Se
o líder pensa com os intestinos e não domina ódios pessoais, perde acatamento
político
Das
cenas grotescas protagonizadas pelo presidente Jair Bolsonaro, a que foi
exibida no último dia 27 de janeiro é das mais repulsivas. Cercado por tietes,
ele exibiu todo o ódio à imprensa. A causa do destempero encontra-se na
denúncia sobre os estranhos gastos do Executivo federal com alimentos. Um
estadista responderia com números e documentos. Mas, ao proferir, sorrindo,
vocábulos pornográficos, o governante recebeu ovações de arruaceiros e
chaleiras. Tal vitupério exige processo judicial por indecente uso do cargo.

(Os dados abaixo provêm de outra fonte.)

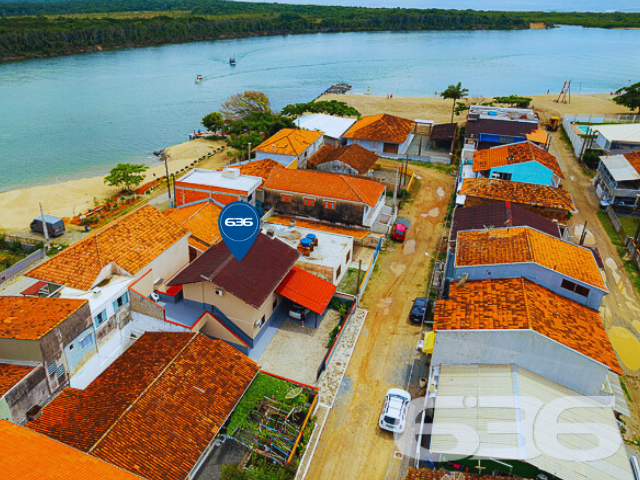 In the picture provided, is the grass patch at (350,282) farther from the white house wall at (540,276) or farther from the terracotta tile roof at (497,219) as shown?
the white house wall at (540,276)

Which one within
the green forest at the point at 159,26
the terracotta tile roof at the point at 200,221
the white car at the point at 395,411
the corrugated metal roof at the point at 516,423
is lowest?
the white car at the point at 395,411

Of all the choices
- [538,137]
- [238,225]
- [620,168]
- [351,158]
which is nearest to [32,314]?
[238,225]

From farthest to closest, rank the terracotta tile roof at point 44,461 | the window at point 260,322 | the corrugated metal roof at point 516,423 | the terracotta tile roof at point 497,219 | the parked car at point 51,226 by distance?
the parked car at point 51,226, the terracotta tile roof at point 497,219, the window at point 260,322, the corrugated metal roof at point 516,423, the terracotta tile roof at point 44,461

Frases que no pior bordel são evitadas, nos lábios de um presidente causam
asco.
O “mito” não entenderá a citação abaixo, pois sua força cognitiva é pequena. Mas entre ministros, políticos que a ele se aliam e antigos apoiadores talvez exista algum saber. A eles me dirijo. Ao discutir a governabilidade, diz Spinoza: “A república não pode fazer com que os homens (...) respeitem o que gera riso ou náusea. (...) Para garantir o poder é preciso guardar as causas do medo e do respeito, caso oposto não há mais um Estado. É impossível para os que operam o mando político (...) bancar o palhaço, violar ou desprezar abertamente as leis por eles mesmos estabelecidas, pois assim eles perdem a majestade e mudam o medo em indignação e o estado civil em estado de guerra” (Tratado Político). Tais enunciados vêm de Maquiavel, pensador das práticas que permitem manter o poderio civil.
Repito:
o presidente nada compreende de semelhantes teses. Mas quem negou sua utilidade
perdeu cargos, para não mencionar a cabeça. Assim foi com Carlos I da
Inglaterra e Luís XVI na França. Sempre chega a vez de quem imagina a si mesmo
como impune e infenso às leis.
O
decoro na fala e na postura corporal integra toda autoridade política,
jurídica, religiosa, militar. Menciono outro escrito que certamente não será
compreendido pelo sr. Jair Bolsonaro e seus marombeiros. Trata-se de Hannah
Arendt: “Se for preciso verdadeiramente definir a autoridade, deve-se fazê-lo
opondo-a ao mesmo tempo ao constrangimento pela força e à persuasão por
argumentos”. No setor público ou privado cada um reconhece a superior
hierarquia de quem ostenta autoridade. Não é pelo vezo de prender ou censurar,
perseguir ou caluniar aos berros os oponentes que alguém consegue respeito
público.
Dito
de outro modo: se você precisa gritar para que lhe obedeçam, sua autoridade não
existe. Inteligência, decoro, respeito à hierarquia, autoridade: um estadista
pode receber da vida doses desiguais desses elementos. Ele compensa a fraqueza
de um com a força de outro. Mas o dirigente que enxovalha o seu cargo não tem
autoridade, só lhe cabe o título atribuído por Spinoza: palhaço.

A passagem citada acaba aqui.